THE TASK: Reproduce, exactly, the lines of the material below from the line containing "Външно тяло на" through the line containing "SHIPS any: /ミッキーマウス/ サイン & ポージング Tシャツ (ロンT)◇", with both end lines included and nothing else.

DATA SHOWN:
Content starts

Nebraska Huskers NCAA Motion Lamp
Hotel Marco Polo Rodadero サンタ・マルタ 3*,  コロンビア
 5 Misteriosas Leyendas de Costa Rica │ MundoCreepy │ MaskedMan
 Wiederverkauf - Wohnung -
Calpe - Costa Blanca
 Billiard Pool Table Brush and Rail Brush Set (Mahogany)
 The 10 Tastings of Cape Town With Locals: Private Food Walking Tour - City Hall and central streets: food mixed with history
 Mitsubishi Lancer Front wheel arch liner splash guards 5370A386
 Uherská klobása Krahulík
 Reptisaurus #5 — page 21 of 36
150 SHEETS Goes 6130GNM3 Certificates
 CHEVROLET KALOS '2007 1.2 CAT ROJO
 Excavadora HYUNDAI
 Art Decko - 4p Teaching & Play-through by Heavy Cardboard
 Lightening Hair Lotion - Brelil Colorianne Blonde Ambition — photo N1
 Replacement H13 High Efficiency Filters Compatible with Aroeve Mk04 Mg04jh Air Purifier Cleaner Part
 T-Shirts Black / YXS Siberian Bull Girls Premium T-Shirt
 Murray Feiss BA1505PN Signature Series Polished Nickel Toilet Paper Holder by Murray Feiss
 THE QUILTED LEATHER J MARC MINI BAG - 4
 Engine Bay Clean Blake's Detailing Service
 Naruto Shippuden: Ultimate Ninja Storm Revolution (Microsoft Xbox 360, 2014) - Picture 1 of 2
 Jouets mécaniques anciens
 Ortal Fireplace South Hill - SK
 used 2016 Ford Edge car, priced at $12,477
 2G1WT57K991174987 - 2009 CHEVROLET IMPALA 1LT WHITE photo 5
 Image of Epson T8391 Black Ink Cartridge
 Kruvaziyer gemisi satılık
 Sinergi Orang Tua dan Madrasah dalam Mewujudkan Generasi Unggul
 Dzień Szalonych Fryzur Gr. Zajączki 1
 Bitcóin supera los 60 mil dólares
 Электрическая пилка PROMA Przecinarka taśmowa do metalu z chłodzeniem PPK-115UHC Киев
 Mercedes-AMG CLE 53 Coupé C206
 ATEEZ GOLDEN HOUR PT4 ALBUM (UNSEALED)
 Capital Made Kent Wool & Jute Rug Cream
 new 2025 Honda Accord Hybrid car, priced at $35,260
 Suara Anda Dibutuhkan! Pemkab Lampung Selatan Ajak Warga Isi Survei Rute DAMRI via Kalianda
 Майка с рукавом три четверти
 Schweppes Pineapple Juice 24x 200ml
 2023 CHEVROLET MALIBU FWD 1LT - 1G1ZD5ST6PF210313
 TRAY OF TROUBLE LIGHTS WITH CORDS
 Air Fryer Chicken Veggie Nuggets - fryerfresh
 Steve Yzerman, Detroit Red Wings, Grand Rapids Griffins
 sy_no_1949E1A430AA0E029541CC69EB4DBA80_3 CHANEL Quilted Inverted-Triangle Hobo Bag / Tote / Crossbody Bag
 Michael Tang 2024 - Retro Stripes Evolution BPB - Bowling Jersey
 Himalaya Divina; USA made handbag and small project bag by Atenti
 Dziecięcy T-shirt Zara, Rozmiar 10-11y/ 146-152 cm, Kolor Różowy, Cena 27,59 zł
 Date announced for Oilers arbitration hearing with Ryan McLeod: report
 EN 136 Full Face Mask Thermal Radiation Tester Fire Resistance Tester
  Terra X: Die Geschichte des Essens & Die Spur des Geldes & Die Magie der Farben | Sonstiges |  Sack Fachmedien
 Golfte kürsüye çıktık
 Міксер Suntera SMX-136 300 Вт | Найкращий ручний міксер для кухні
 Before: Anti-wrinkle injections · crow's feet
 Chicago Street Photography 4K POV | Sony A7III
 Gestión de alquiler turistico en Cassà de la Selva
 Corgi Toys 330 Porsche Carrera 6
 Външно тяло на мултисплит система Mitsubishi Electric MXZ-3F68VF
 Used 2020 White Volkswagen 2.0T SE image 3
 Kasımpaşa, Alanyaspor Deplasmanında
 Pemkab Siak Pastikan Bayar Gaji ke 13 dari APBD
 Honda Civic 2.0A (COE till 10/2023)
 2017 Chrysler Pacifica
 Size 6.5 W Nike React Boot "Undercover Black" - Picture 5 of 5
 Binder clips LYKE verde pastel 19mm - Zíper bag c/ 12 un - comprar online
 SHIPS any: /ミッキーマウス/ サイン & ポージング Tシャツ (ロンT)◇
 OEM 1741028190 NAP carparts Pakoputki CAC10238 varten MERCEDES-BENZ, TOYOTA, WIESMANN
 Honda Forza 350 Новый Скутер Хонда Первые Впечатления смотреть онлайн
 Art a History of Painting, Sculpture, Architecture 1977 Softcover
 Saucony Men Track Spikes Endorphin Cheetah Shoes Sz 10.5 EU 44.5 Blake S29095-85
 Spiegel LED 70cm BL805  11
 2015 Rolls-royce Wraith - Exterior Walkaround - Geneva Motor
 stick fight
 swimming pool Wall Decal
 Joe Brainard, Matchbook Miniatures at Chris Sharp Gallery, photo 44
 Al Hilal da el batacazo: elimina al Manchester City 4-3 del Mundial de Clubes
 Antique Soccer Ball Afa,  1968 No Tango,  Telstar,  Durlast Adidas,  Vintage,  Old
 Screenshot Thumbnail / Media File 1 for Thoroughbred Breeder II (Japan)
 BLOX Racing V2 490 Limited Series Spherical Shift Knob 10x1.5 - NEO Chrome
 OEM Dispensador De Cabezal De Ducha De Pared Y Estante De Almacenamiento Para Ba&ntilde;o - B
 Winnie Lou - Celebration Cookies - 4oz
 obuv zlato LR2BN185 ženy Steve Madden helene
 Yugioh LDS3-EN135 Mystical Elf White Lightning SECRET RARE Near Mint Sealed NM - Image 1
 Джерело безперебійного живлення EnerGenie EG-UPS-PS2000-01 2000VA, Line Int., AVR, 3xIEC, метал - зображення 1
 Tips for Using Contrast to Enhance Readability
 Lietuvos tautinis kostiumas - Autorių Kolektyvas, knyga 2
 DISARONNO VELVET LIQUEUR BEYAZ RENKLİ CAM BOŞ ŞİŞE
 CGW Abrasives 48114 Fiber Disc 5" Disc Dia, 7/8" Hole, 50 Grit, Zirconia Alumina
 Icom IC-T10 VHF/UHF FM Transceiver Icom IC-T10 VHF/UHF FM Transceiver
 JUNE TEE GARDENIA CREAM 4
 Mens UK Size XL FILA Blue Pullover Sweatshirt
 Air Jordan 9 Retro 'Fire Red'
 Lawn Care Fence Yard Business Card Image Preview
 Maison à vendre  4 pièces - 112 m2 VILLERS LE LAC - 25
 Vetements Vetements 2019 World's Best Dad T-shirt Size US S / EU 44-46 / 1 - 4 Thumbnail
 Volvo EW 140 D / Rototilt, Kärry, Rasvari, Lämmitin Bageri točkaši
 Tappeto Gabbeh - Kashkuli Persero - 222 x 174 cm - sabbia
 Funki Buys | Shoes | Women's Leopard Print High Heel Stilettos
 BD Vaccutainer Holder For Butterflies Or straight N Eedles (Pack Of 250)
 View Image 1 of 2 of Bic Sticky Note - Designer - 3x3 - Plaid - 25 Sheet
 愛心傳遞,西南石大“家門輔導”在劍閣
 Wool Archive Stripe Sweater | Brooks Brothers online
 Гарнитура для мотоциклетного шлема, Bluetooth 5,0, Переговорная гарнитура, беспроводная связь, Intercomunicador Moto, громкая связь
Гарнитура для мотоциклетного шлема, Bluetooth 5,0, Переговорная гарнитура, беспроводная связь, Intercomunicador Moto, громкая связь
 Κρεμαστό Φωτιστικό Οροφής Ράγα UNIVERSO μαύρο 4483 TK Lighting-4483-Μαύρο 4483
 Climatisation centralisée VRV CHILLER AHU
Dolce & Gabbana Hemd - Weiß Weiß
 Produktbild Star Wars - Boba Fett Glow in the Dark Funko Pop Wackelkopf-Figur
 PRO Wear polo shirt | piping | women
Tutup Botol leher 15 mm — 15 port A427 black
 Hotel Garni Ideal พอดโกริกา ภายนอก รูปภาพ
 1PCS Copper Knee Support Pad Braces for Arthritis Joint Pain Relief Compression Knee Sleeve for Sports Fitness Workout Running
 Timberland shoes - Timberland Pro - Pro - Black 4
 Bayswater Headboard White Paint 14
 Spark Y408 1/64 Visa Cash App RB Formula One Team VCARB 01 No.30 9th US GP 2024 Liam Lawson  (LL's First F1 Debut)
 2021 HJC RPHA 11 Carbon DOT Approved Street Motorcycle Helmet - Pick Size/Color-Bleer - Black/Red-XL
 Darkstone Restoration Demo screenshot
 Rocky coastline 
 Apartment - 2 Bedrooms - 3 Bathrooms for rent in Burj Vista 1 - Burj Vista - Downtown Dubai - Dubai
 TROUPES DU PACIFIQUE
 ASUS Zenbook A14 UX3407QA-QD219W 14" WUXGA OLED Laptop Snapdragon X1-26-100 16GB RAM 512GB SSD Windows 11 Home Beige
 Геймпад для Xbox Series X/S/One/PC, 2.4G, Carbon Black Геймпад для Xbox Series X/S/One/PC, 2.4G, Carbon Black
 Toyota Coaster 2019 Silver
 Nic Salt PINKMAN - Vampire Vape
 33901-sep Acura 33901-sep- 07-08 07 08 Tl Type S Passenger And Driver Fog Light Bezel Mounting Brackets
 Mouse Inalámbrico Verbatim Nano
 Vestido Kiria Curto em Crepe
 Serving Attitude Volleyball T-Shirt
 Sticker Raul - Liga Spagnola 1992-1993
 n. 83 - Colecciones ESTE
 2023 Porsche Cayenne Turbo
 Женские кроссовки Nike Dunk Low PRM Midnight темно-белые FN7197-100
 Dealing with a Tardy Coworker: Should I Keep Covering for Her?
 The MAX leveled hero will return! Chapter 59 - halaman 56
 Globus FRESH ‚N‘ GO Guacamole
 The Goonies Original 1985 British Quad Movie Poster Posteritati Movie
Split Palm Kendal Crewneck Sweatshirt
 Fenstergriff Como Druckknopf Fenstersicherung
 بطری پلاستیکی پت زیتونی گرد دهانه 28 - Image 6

Content ends

ANSWER SPACE:
 Външно тяло на мултисплит система Mitsubishi Electric MXZ-3F68VF
 Used 2020 White Volkswagen 2.0T SE image 3
 Kasımpaşa, Alanyaspor Deplasmanında
 Pemkab Siak Pastikan Bayar Gaji ke 13 dari APBD
 Honda Civic 2.0A (COE till 10/2023)
 2017 Chrysler Pacifica
 Size 6.5 W Nike React Boot "Undercover Black" - Picture 5 of 5
 Binder clips LYKE verde pastel 19mm - Zíper bag c/ 12 un - comprar online
 SHIPS any: /ミッキーマウス/ サイン & ポージング Tシャツ (ロンT)◇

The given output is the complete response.